Although GCLM is not essential for survival, its interaction with the GCLC subunit increases, by four- to fivefold, the catalytic efficiency of the holoenzyme.³⁶ The GCLM knockout (KO) mice exhibit an increased sensitivity to oxidative stress³⁷; mouse fetal fibroblasts are 10-fold more sensitive to an oxidative stress than are the wild type. Similarly, we observed lower GCL activity in patients’ fibroblasts exposed to an oxidative stress, compared with that in control fibroblasts.²² Thus, a GCLM defect could lead to GCL-activity dysregulation, consistent with the involvement of oxidative stress–induced impairment of neuronal processes and mitochondrial function^3–7 reported for schizophrenia.

GCLM KO mice showed an increased feedback inhibition of GCL activity, apparently resulting in brain GSH levels ∼40% of normal.^36,37 This is strikingly similar to the levels 52% below normal reported for patients with schizophrenia.¹⁵ Thus, GCLM KO mice can be used as a model for further studies of GSH deficit in schizophrenia.

A GCL dysregulation could lead to cellular alterations in the surroundings of dopaminergic terminals, affecting the synaptic contacts on dendritic spines of prefrontal cortical neurons that are particularly rich in dopamine innervations. Indeed, the metabolism of dopamine generates reactive oxygen species (e.g., hydrogen peroxide and quinones), which, in GSH-deficit conditions, are not adequately neutralized and, thus, induce cellular damage.¹¹ Interestingly, in rat models, GSH deficit and excess dopamine during development mimic structural and functional anomalies observed in patients: they exhibited a decrease in spine density of pyramidal neurons (F. Gheorghita, unpublished data) and, selectively, in GABA-parvalbumin immunoreactivity of prefrontal cortex,²¹ similar to patients.^38,39 The same rat model presented an impairment in object recognition^18,19 and in integration of olfactory information,⁴⁰ reproducing some cognitive deficits of schizophrenia.

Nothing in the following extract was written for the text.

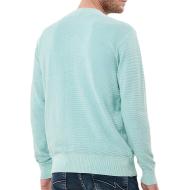 Pull Bleu Homme Kaporal Nyoe vue 2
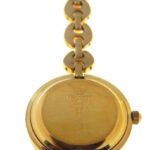 Gucci Nautical Link Bracelet Watch Interchangeable Bezels 11/12.2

Furthermore, NMDA-R hypofunction is implicated in schizophrenia, since the NMDA-R antagonist phencyclidine induces a psychotic syndrome.⁴¹ In the case of GSH deficit, NMDA-R activity could be depressed through interaction at their redox sites.^12,13 Similarly, in rat hippocampal slices, GSH depletion impaired NMDA-dependent synaptic plasticity.²⁰

In conclusion, these studies provide converging evidence of a link between schizophrenia and GCLM genetic variations, which affect the function of the encoded protein in its ability to promote GSH synthesis when challenged by an oxidative stress. They support the new concept that a dysregulation of GSH metabolism is one of the vulnerability factors contributing to the development of the disease.